Manusia mengenal-Nya melalui pengejawantahan kekuatan dan kekuasaan-Nya di alam ini sebagai Pribadi Ilahi yang menjadi Sumber segala sumber kehidupan yang tergelar di alam semesta, yakni Pribadi Ilahi yang memiliki Nama dan Sifat sebagai pengenal keberadaan diri-Nya yang mengejewantah dalam Pribadi Ilahi yang disebut Tu atau To.  
Tu atau To adalah pengejawantahan Sanghyang Taya sebagai Pribadi Ilahi yang secara samar2 sudah bisa diketahui dan dikenal baik sifat maupun nama-Nya. Tu, Pribadi Ilahi, meski Tunggal, Dia memiliki dua sifat yang berbeda seibarat telapak tangan yang putih dan punggung tangan yang hitam.

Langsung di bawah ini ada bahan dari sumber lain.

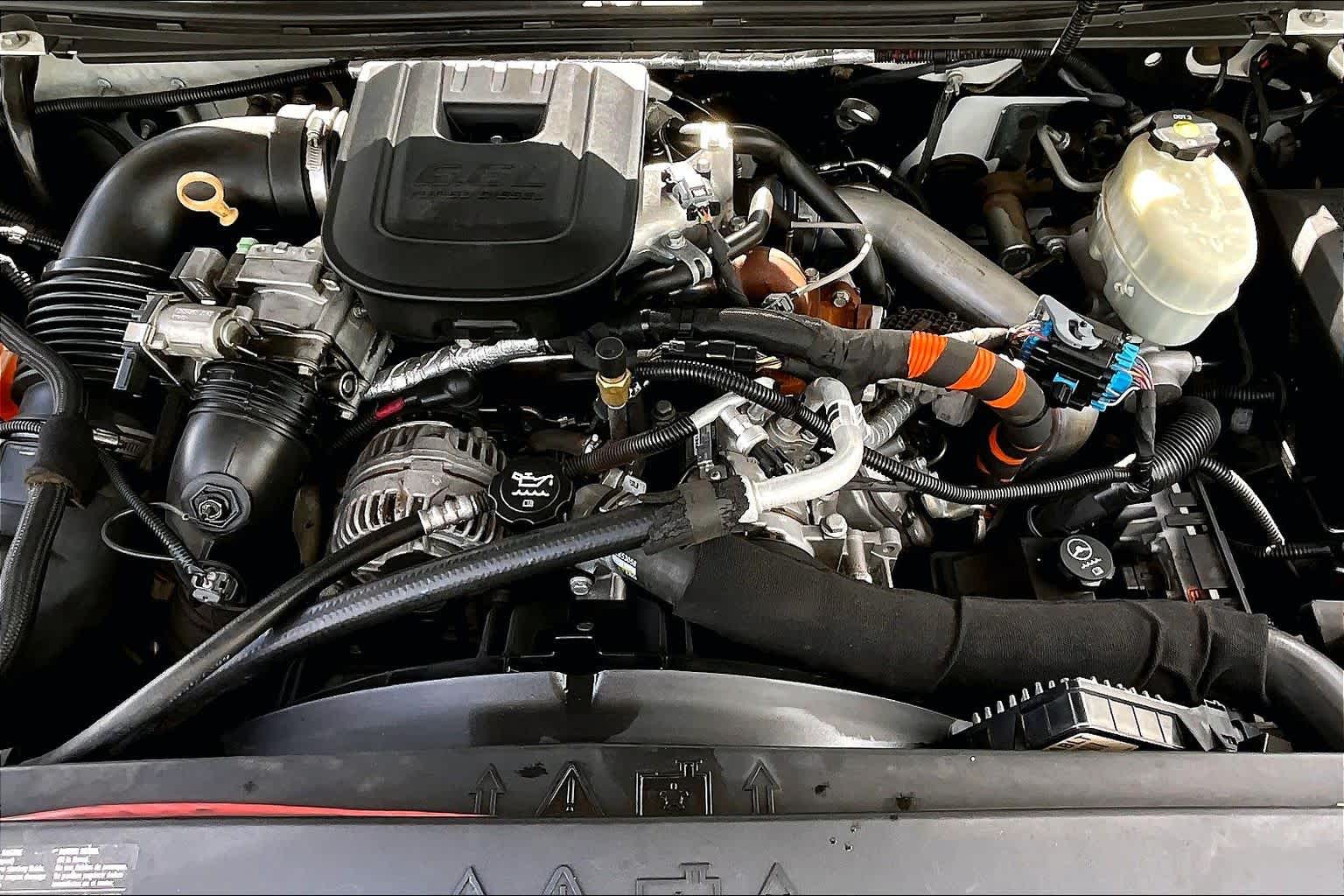 Thumbnail: 2014 GMC Sierra 2500 - 9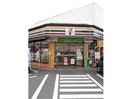 セブンイレブン大津木下町店(コンビニ)まで575m 東海道本線<琵琶湖線・JR京都線>/膳所駅 徒歩16分 3階 築33年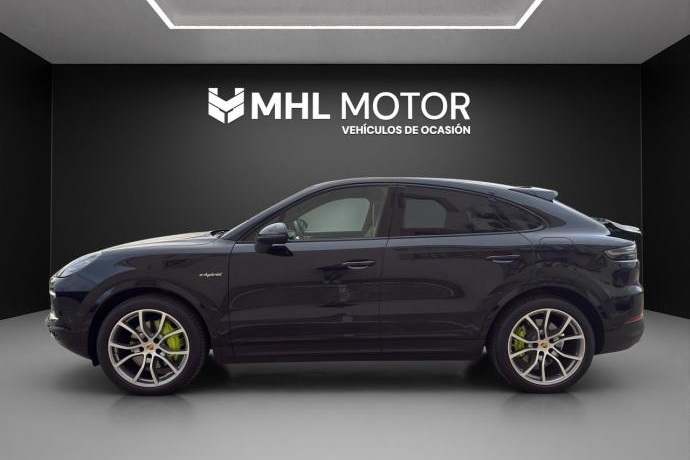 PORSCHE CAYENNE E-HYBRID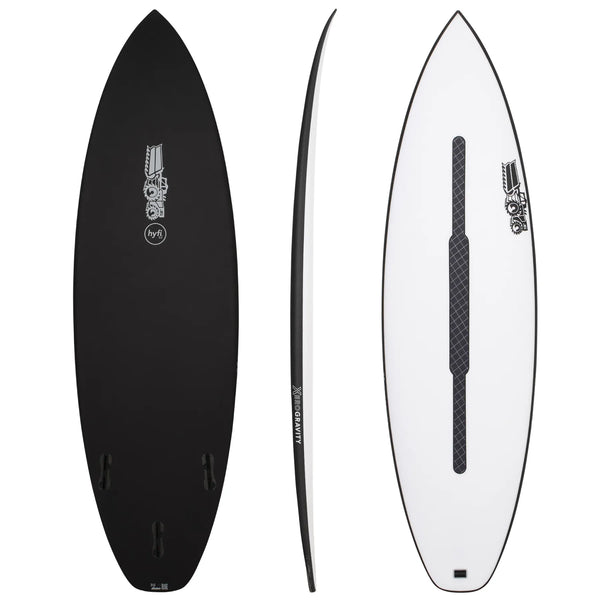 ＜新品・送込＞Hyfi3.0 5.9 JS XERO GRAVITY 　J982 JS Xero Gravity Hyfi 3.0 Surfboard
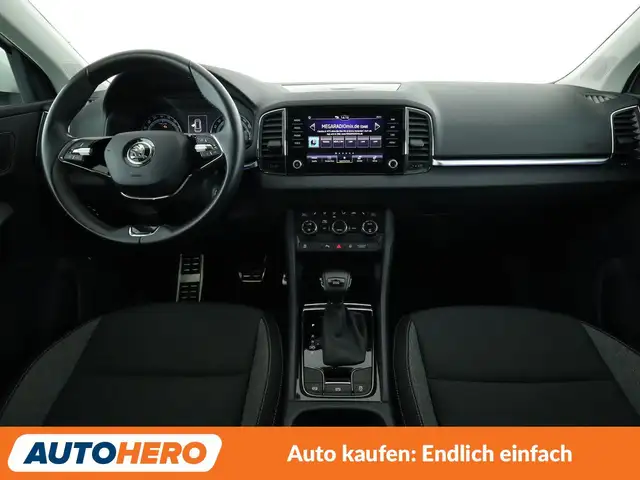 Skoda Karoq view 12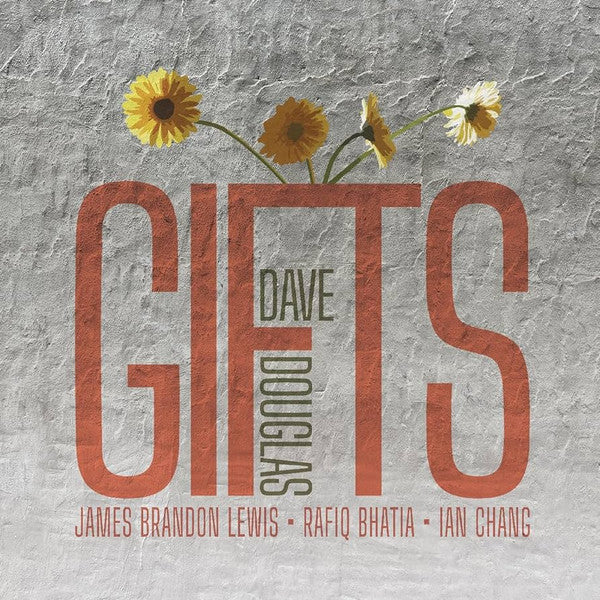 Dave Douglas - Gifts (CD) | Mint (M) Mint (M)-Classic Vinyl Record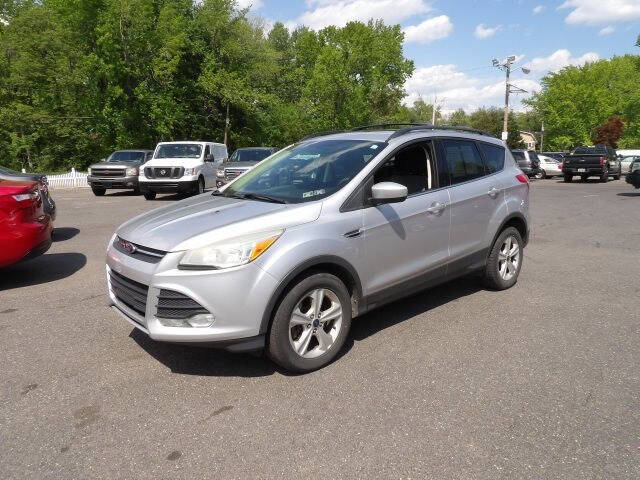 2014 Ford Escape SE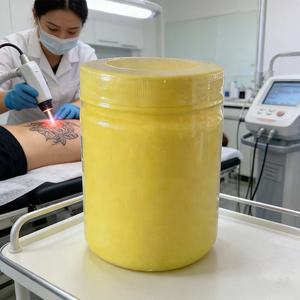 Offre exclusive édition limitée 2026 : Crème de <span class=keywords><strong>tatouage</strong></span> indolore, kit d'équipement de <span class=keywords><strong>tatouage</strong></span>, soins professionnels après-<span class=keywords><strong>tatouage</strong></span> pour usage en studio - Product Image 2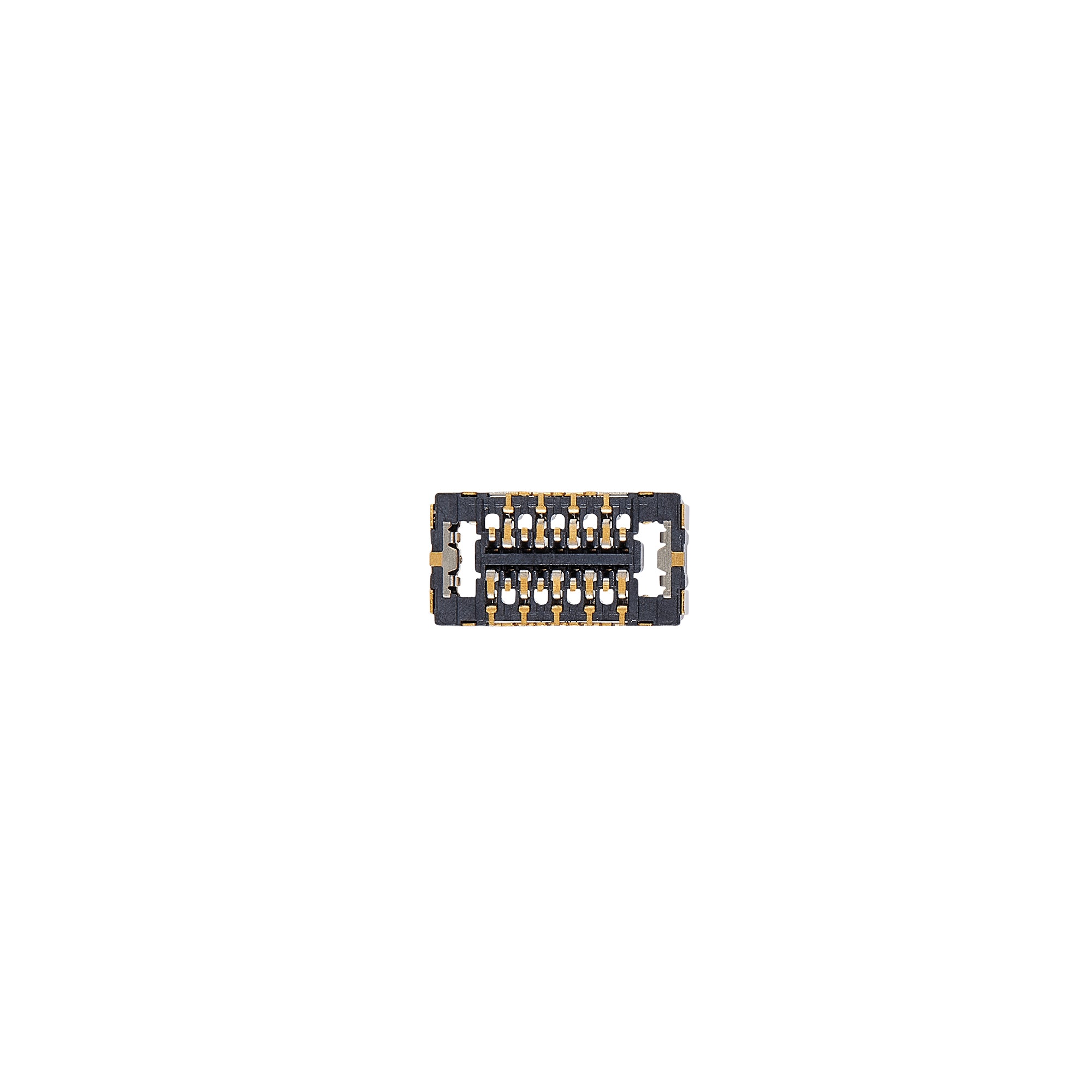 For Apple 15 Pro, iPhone 15 Pro Max Connecteur FPC d'antenne à ondes millimétriques (9 broches) Compatible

Yang pertama adalah sifat Tu yang baik, yaitu yang mendatangkan kebaikan, kemuliaan, kemakmuran dan keselamatan kepada manusia. Tu itulah yang dikenal dengan nama Tu-han. Sifat Tu yang baik, yaitu Tu-han, itulah yang dikenal dengan nama Sanghyang Tunggal (Maha Esa), satu Pribadi Ilahi yang selain memiliki nama dan sifat Tunggal juga memiliki nama dan sifat Wenang (Mahakuasa).
Yang kedua adalah sifat Tu atau To yang tidak baik, yaitu yang mendatangkan kejahatan, kehinaan, kenistaan, kesesatan dan kebinasaan. Tu itulah yang dikenal dengan nama han-Tu. Sifat Tu yang tidak baik, yaitu han-Tu, itulah yang disebut debngan nama sanghyang Manikmaya (jawa kuno : permata khayalan). Sanghyang Manikmaya, Pribadi Ilahi yang hanya diketahui nama dan sifat-Nya itu, tak berbeda dengan Sanghyang Tunggal, yakni memilki nama dan sifat Wenang (mahakuasa).
(Berarti Sanghyang Tunggal yang memiliki nama dan sifat Wenang adalah pengejawantahan Tu-han yang Mahakuasa memberi petunjuk kepada mahkluk-Nya (al-Hadi atau yang Maha Pemberi Petunjuk dalam Islam) dan Sanghyang Manikmaya yang juga memiliki nama dan sifat Wenang adalah pengejawantahan han-Tu, yang Mahakuasa juga untuk menyesatkan mahkluk-Nya. (al-Mudhil atau Yang Maha Menyesatkan dalam Islam).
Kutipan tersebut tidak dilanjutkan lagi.